:: Data listing ::
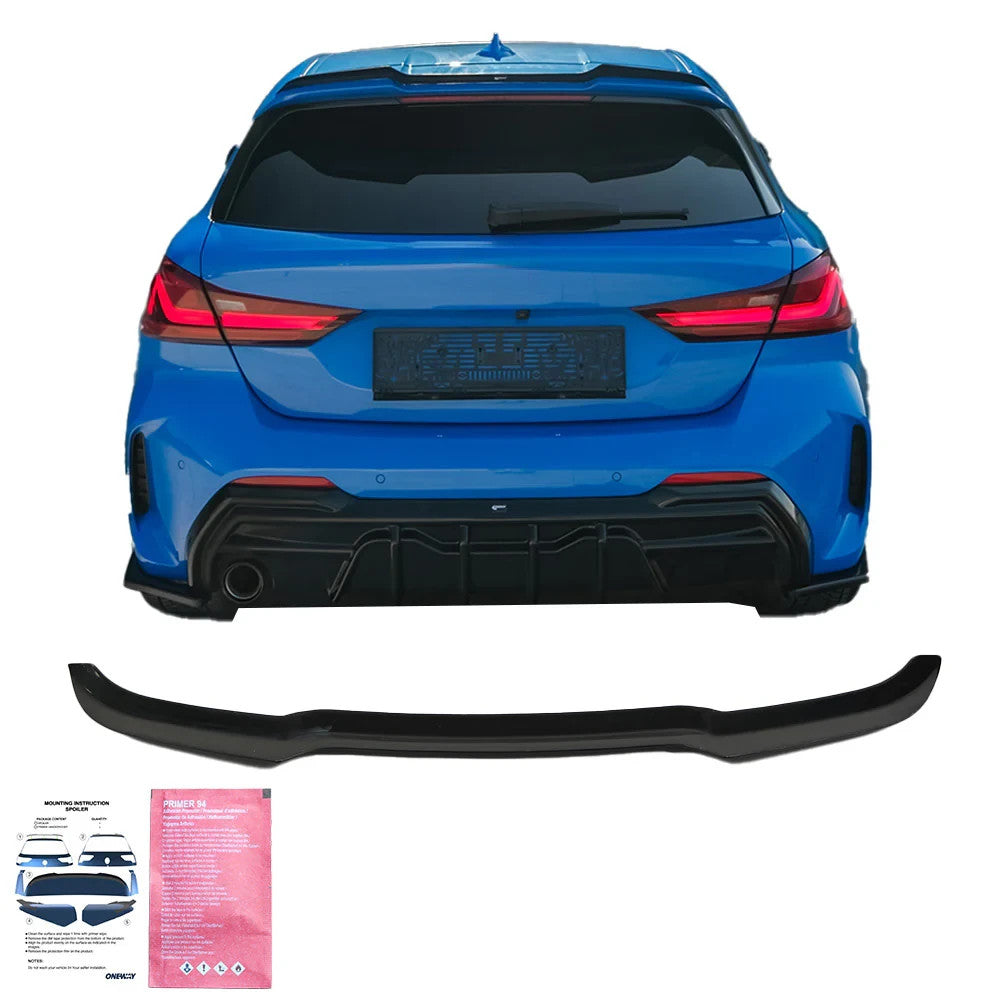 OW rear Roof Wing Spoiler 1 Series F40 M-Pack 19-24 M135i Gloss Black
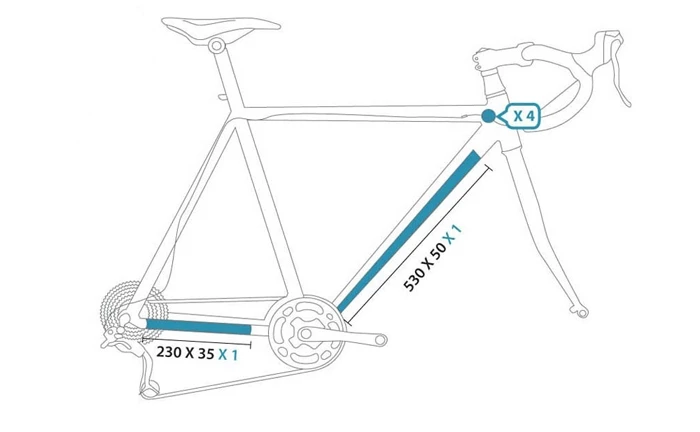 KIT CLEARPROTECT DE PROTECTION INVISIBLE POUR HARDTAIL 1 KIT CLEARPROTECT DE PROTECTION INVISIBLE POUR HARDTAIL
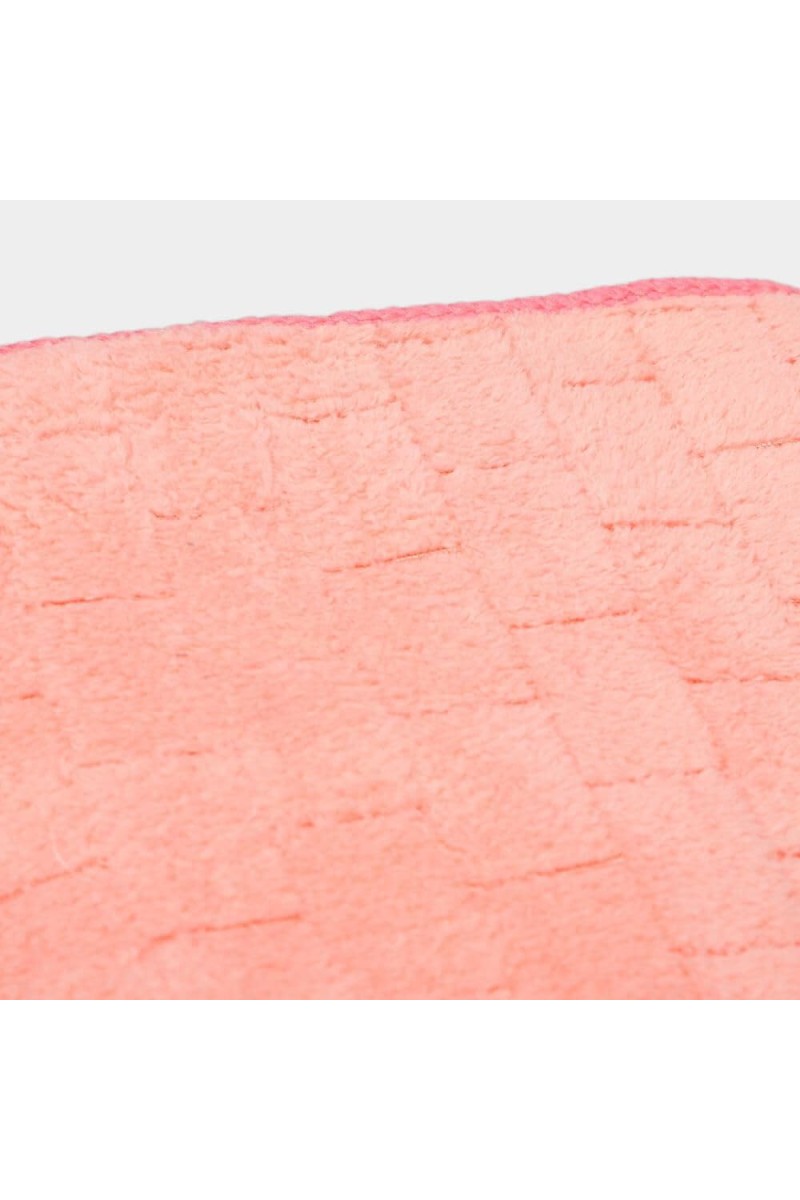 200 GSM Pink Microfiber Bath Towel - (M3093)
---
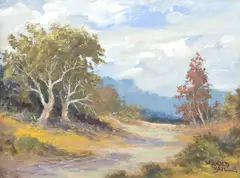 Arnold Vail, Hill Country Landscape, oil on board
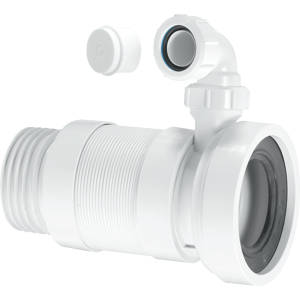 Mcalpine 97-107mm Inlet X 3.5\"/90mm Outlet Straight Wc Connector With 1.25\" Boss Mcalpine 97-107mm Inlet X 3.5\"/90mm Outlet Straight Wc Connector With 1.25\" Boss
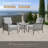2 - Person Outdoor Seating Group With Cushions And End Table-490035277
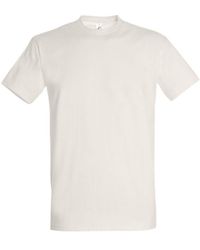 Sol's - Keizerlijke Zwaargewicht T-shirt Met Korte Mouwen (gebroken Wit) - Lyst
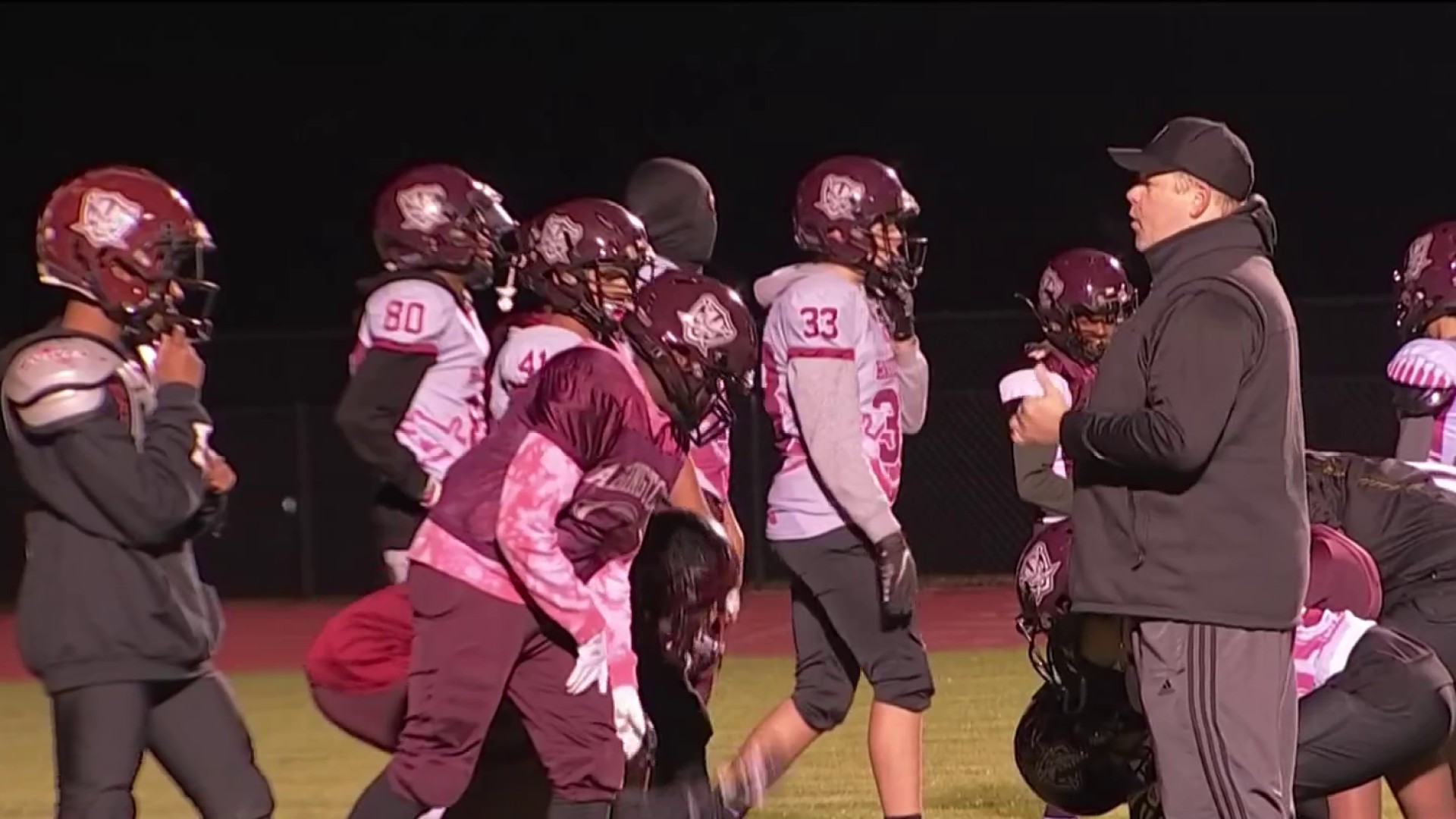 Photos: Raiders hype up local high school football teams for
---
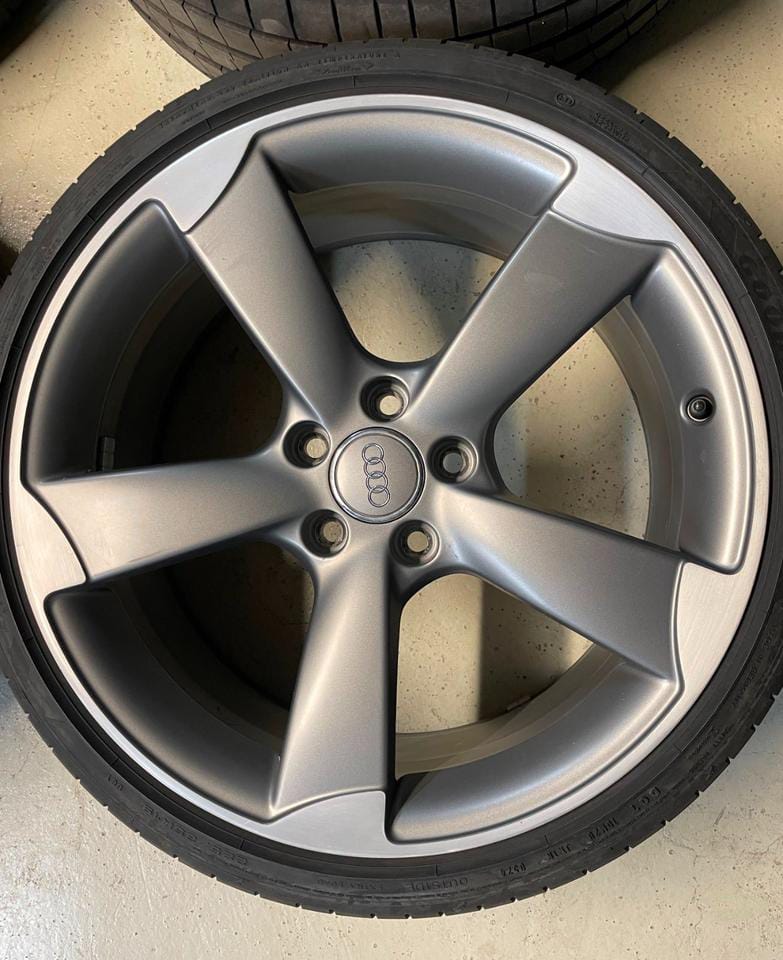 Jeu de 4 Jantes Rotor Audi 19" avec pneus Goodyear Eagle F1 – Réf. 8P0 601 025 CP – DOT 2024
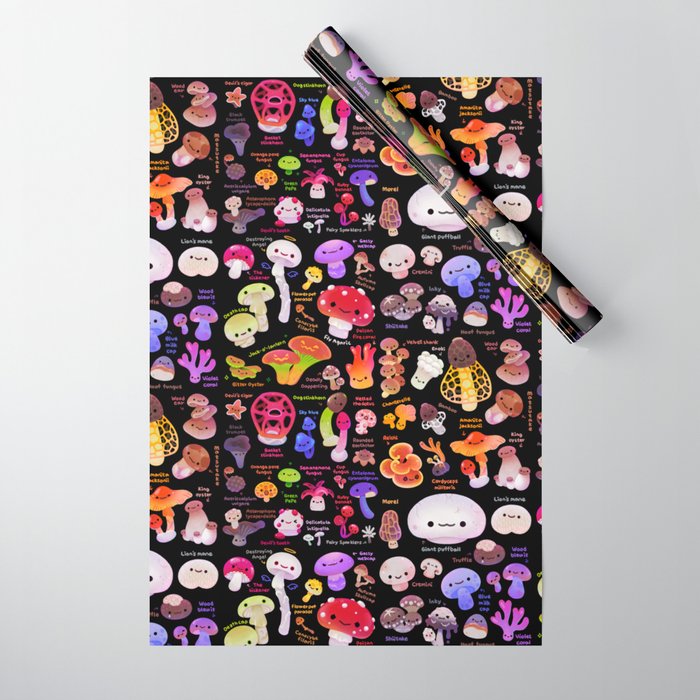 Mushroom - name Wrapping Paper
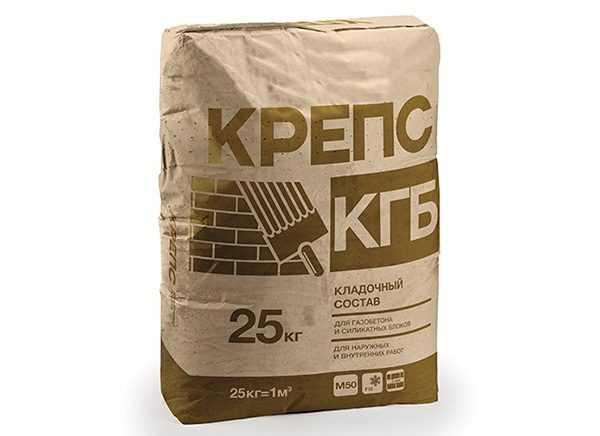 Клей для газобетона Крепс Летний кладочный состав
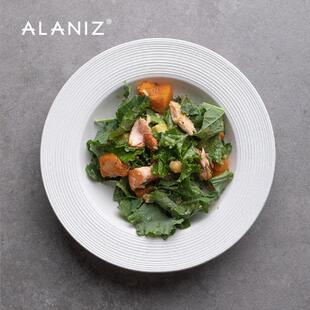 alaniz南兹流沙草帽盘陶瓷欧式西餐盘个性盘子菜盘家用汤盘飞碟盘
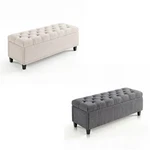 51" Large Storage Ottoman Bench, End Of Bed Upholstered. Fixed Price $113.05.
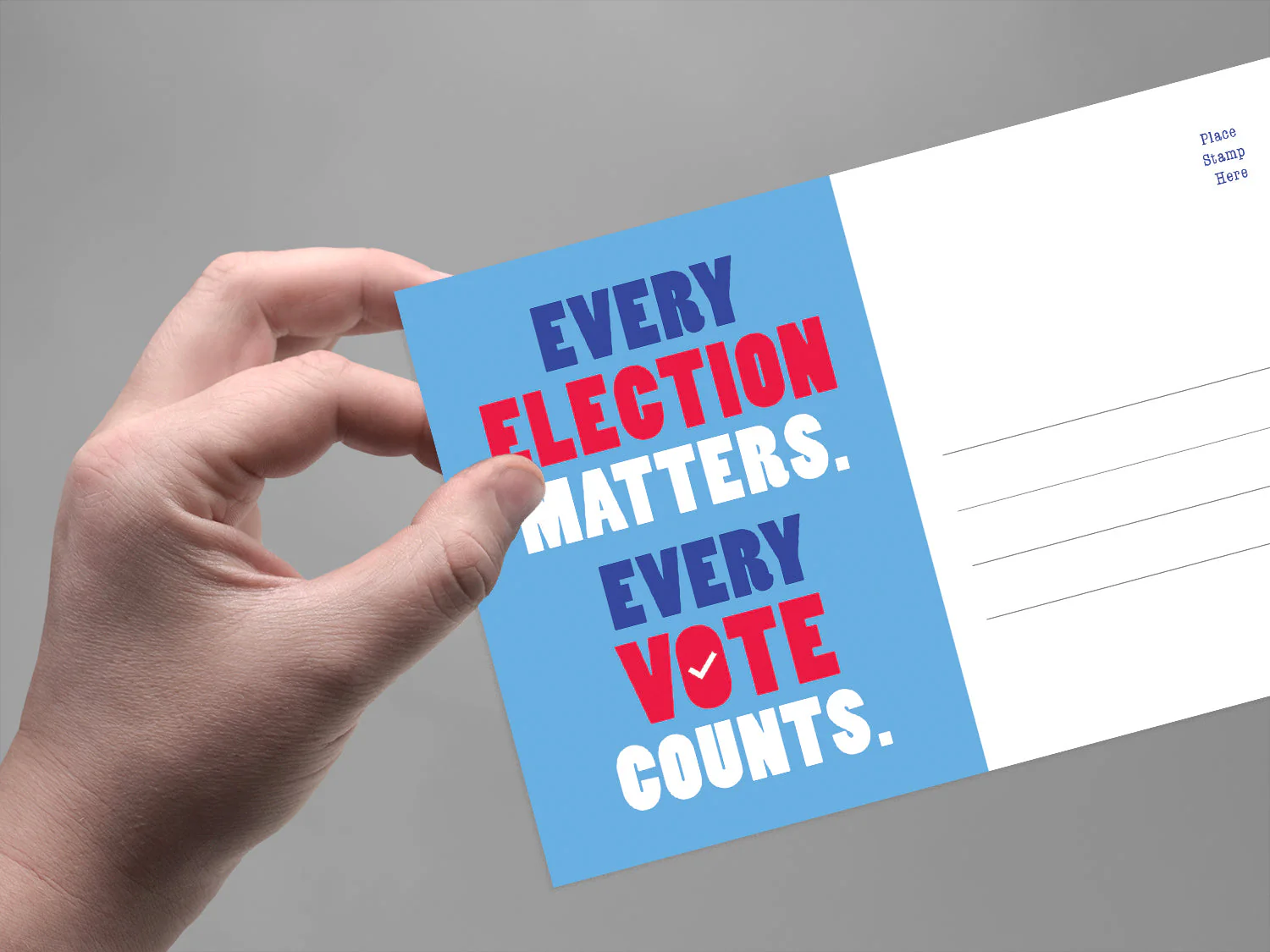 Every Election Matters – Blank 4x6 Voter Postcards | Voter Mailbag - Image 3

:: Brief ::
Look above for the line with "OW rear Roof" and copy exactly from it through the line with "200 GSM Pink Microfiber Bath Towel - (M3093)", both included. Omit the pictures.

:: Result of this task ::
 OW rear Roof Wing Spoiler 1 Series F40 M-Pack 19-24 M135i Gloss Black
 KIT CLEARPROTECT DE PROTECTION INVISIBLE POUR HARDTAIL 1 KIT CLEARPROTECT DE PROTECTION INVISIBLE POUR HARDTAIL
 200 GSM Pink Microfiber Bath Towel - (M3093)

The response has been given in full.